# Canning Feta Cheese Does anyone have a recipe



## opalcab (May 16, 2011)

I have made to much feta cheese and would like to can some for down the road does anyone have a recipe for canning it in oil and spices 
Any recipes are welcome thank you 
Stan


----------



## Groene Pionier (Apr 23, 2009)

I am not sure if you mean canning in like, water bath canning or pressure canning, never heard of something like that. 
I marinate feta cheese but it will not keep for too long. 
this is my recipe: 
Put 350 grams of feta cheese cubed, 
1 tablespoon of coarse ground black pepper
1 teaspoon of dried oregano
1 teaspo of coriander seeds
In a sterilized jar of 7,5 dl, sprinkle the pepper, oregano and coriander seeds. 
Then add 4 small red peppers, a couple of springs Rosemary and 125 grams of sundried tomatoes ( i use my dehydrated tomatoes) in the jar. Cover this with enough oil to cover the cheese cubes. Close the jar and keep it in the fridge. It will keep for 1-2 months



opalcab said:


> I have made to much feta cheese and would like to can some for down the road does anyone have a recipe for canning it in oil and spices
> Any recipes are welcome thank you
> Stan


----------



## my3boys (Jan 18, 2011)

You shouldn't can any dairy products in oil or anything else. Last summer I took a refresher course on canning to get myself up to speed on the latest recommendations. Someone asked about preserving herbs and oil and the instructor said don't do it, so no on 2 counts. 

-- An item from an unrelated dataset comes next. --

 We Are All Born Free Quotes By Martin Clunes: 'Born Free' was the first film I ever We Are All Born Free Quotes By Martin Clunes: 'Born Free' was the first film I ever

I think commercially canned products containing dairy are okay because of the special equipment they use not available to the home canner.


----------



## madness (Dec 6, 2006)

We brine our feta and it keeps in the fridge for several months. We actually had some 9 month old stuff that was still edible. Need to check the dates on the dairy fridge more often!


----------